2019-09-11 Thread Bruno Marchal

> On 11 Sep 2019, at 01:30, Bruce Kellett  wrote:
> 
> From: Bruno Marchal mailto:marc...@ulb.ac.be>>
>>> On 8 Sep 2019, at 13:59, Bruce Kellett >> > wrote:
>>> 
>>> On Sun, Sep 8, 2019 at 8:45 PM Bruno Marchal >> > wrote:
>>> On 7 Sep 2019, at 08:04, Bruce Kellett >> > wrote:
 On Sat, Sep 7, 2019 at 3:54 PM 'Brent Meeker' via Everything List 
 >>> > wrote:
 On 9/6/2019 10:21 PM, Philip Thrift wrote:
> Sean Carroll is on a nationwide speaking tour now evangelizing Many 
> Worlds.
> 
> What is the predictive power of Many Worlds?
 
 None, unless someone can figure out how to derive Born's rule from 
 it...which I think is impossible.  But it does go a way toward making the 
 story of measurement more consistent.
 
 Amplify the above statement.
 
 Even Zurek, who starts from a many worlds perspective, thinks that 
 ultimately one can abandon the non-seen worlds as irrelevant.
>>> 
>>> But irrelevant does not mean false. So it is irrelevant in physics, but it 
>>> is not irrelevant in theology. It might plays a role concerning the 
>>> interpretation of death, like with quantum immortality.
>>> 
>>> If the only relevance you can find for many worlds is quantum immortality, 
>>> then many worlds is indeed dead. Quantum immortality has been shown many 
>>> times to be a complete nonsense.
>> 
>> Really. I did not known that. Could you give the references.
> Follow the Wikipedia entry on quantum suicide.
> 
That is not what I mean by a  reference.


> The main problem with the idea of quantum immortality is that not all 
> life-threatening events that one can encounter are in the form of alternative 
> outcomes to quantum processes.
> 
The point is that at each instant we have an infinity (plausibly aleph_1, at 
least aleph_0) alternate accessible histories, and it is up to you to prove 
that when we die in some history, we die in all. That is dubious, because there 
are always consistent extensions (but of course I use Mechanism here).

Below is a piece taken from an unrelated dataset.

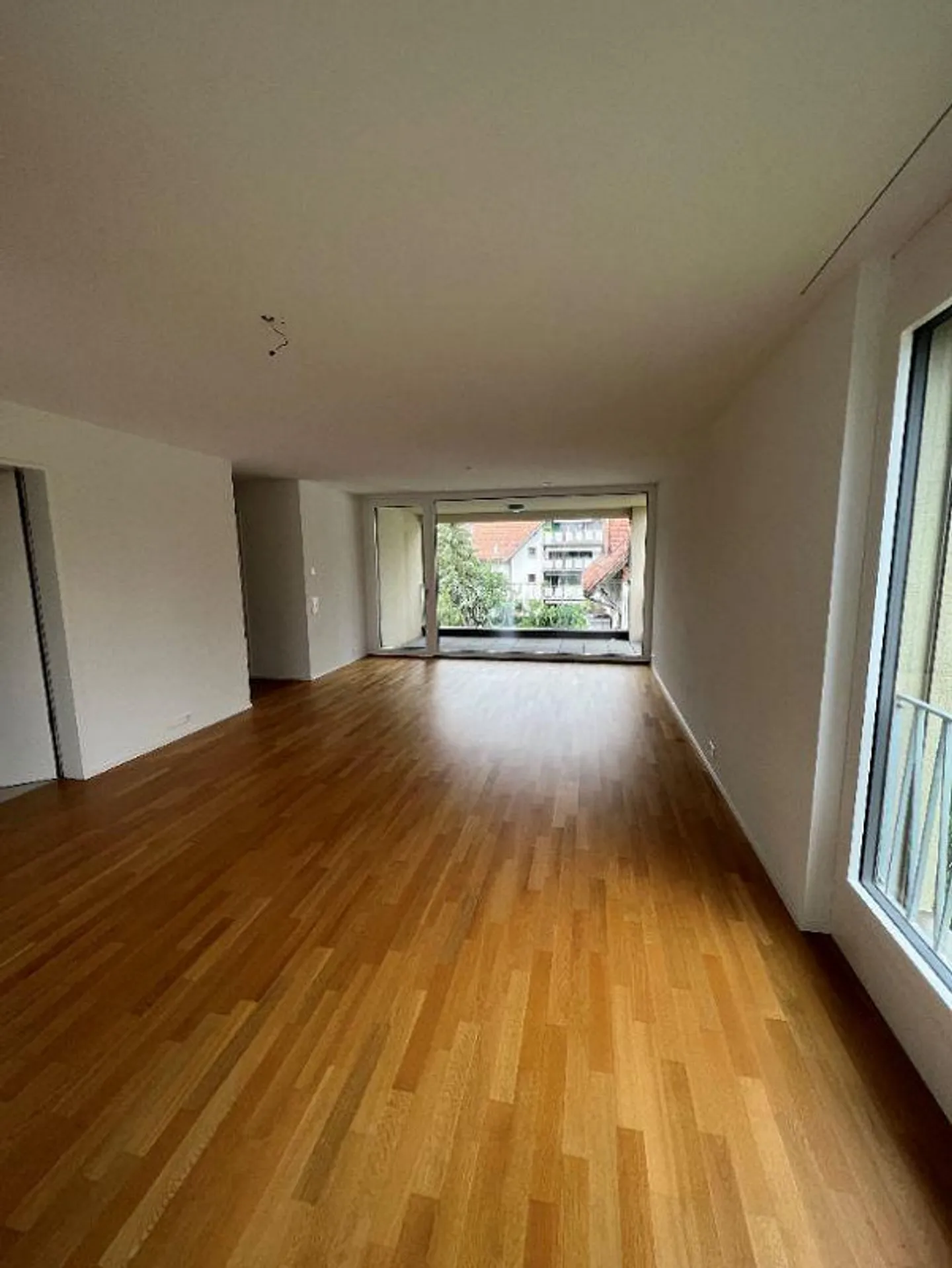 Appartement lumineux de 2,5 pièces dans un quartier proche de la nature - Photo 3 sur 6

> Quantum suicide is an attempt to overcome this problem by linking death or 
> survival directly to the outcome of a particular quantum process. David 
> Deutsch was sceptical that this worked:
>  'Physicist David Deutsch , 
> though a proponent of the many-worlds interpretation, states regarding 
> quantum suicide that "that way of applying probabilities does not follow 
> directly from quantum theory, as the usual one does. It requires an 
> additional assumption, namely that when making decisions one should ignore 
> the histories in which the decision-maker is absent[M]y guess is that the 
> assumption is false."
> Tegmark was also doubtful about the chances for quantum immortality -- 
> pointing out that dying is rarely a binary event; it is more often the result 
> of a slow cumulative process.
> 
> Another argument that has been given here before is that if quantum 
> immortality is true, then we should expect to see a number of people who are 
> considerably older than the normal life expectancy
> 
That makes no sense. The argument rest typically on the first person, not the 
first person plural.



> -- and we do not see people who are two or three hundred years old.
> 
Just compute the probability. That would be akin to a white rabbit. The 
argument concerns only the first person experience, and it can involved amnesia.

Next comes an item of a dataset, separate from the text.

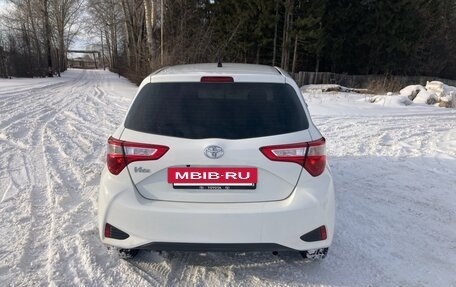 Toyota Vitz, 2017 год, 950 000 рублей, 2 фотография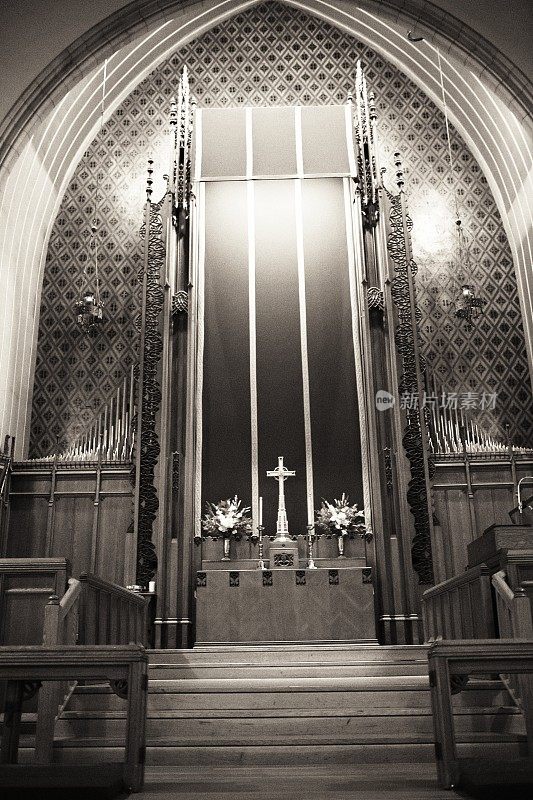 老木制卫理公会基督教祭坛，金十字架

> Even if the probabilities are very low, there have been an awful lot of 
> people born within the last 500 or so years -- some must have survived on our 
> branch if this scenario is true.
> 
The probability is the same as the one with a beam splitter (some “half 
mirror”) and all photons going on the same path. Nobody as seen this. But if 
you kill yourself if the photon go in the non rare path, you will see the 
photon going on the rare path with probability one, by the cul-de-sac principle 
(again, I use, like Everett; the mechanist hypothesis).




> 
>> That would be an indice that Mechanism is false, given that quantum 
>> immortality is deduce here from the already much more obvious arithmetical 
>> immortality, which is disturbing, but hard to avoid.
> 
> Well, as you know, I consider mechanism to be false in any case, so the 
> failure of quantum immortality is no news to me.
> 
> 


Mechanism implies a form of computational immortality. Non mechanism is 
neutral, especially in absence of some non mechanist theory of mind (and 
matter).



> 
>> Are you saying that quantum suicide is also a non-sense (metaphysically, it 
>> is a practical non-sense).
> 
> It relates to the standard problem for Many worlds theory -- if a quantum 
> experiment with binary outcomes is performed many times, there will always be 
> observers who see major deviations from the expected quantum probabilities. 
> In which 

Re: Observation versus assumption

2019-09-11 Thread Bruno Marchal

> On 9 Sep 2019, at 13:07, PGC  wrote:
> 
> 
> 
> On Sunday, September 8, 2019 at 1:48:41 PM UTC+2, Bruno Marchal wrote:
> 
> Let us discuss ideas, and if you disagree with one thing I say, it would be 
> nice to explain what.
> 
> Why? So you can dismiss it until a Stanford entry is written for you to 
> dismiss with the infamous correct scientific attitude we see advertised here 
> in recent months? There are dozens of ways to refute the premisses of not one 
> but many things you say. Assuming an albeit countable infinity of 
> transcendental objects/properties ontologically, while accusing 
> "physicalists" for assuming infinities maliciously for years… 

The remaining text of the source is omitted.